Goal of the exercise
Reproduce the entire listing exactly as written, apart from its pictures.

===== Provided material

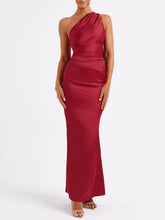 Lataa kuva Galleria-katseluun, Off-The-Shoulder Maxi Dress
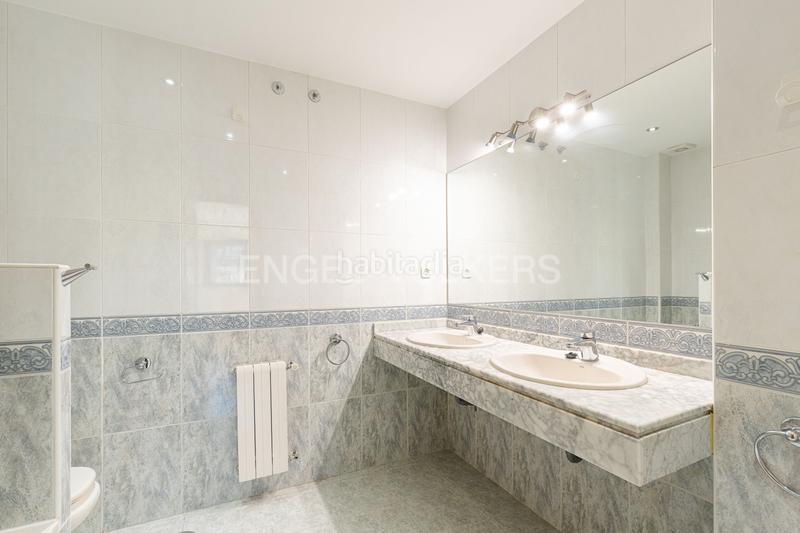 Foto 46b677c2-6c8e-489a-af10-d813f8c90ac0. Lloguer apartament amb calefacció aparcament piscina a Majadahonda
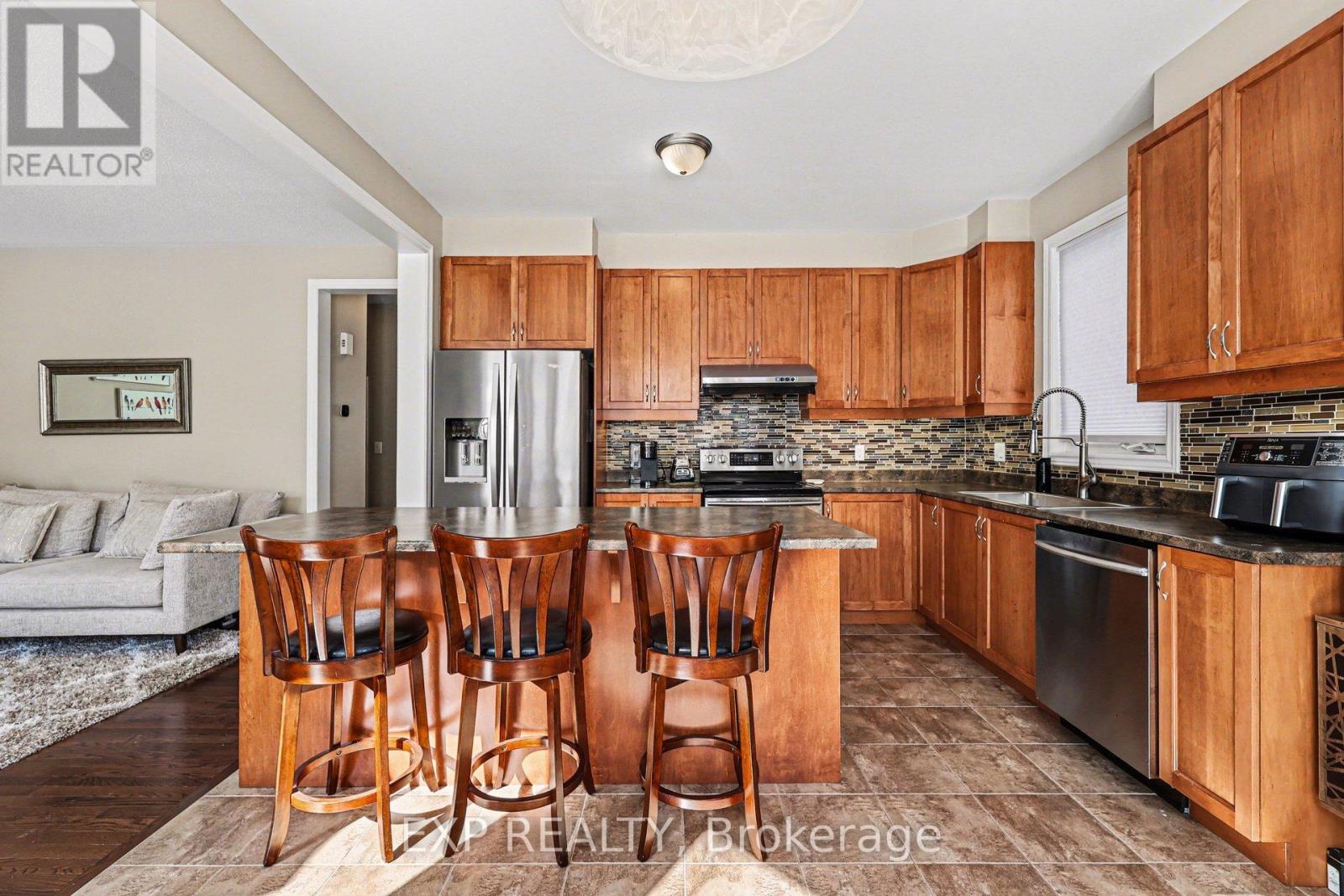 90 Switch Grass Crescent, Ottawa, Ontario  K2J 5Z3 - Photo 9 - X12819118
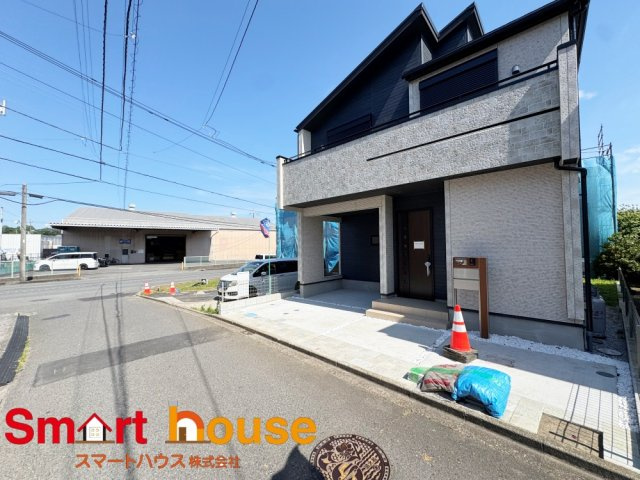 相模原市中央区田名　新築全3棟の前面道路含む現地写真|お住まいの前面道路が広いと駐車が楽になり、陽当たりも遮られないので明るく居心地の良いお家になります♪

==========

Exercise response
 Lataa kuva Galleria-katseluun, Off-The-Shoulder Maxi Dress
 Foto 46b677c2-6c8e-489a-af10-d813f8c90ac0. Lloguer apartament amb calefacció aparcament piscina a Majadahonda
 90 Switch Grass Crescent, Ottawa, Ontario  K2J 5Z3 - Photo 9 - X12819118
 相模原市中央区田名　新築全3棟の前面道路含む現地写真|お住まいの前面道路が広いと駐車が楽になり、陽当たりも遮られないので明るく居心地の良いお家になります♪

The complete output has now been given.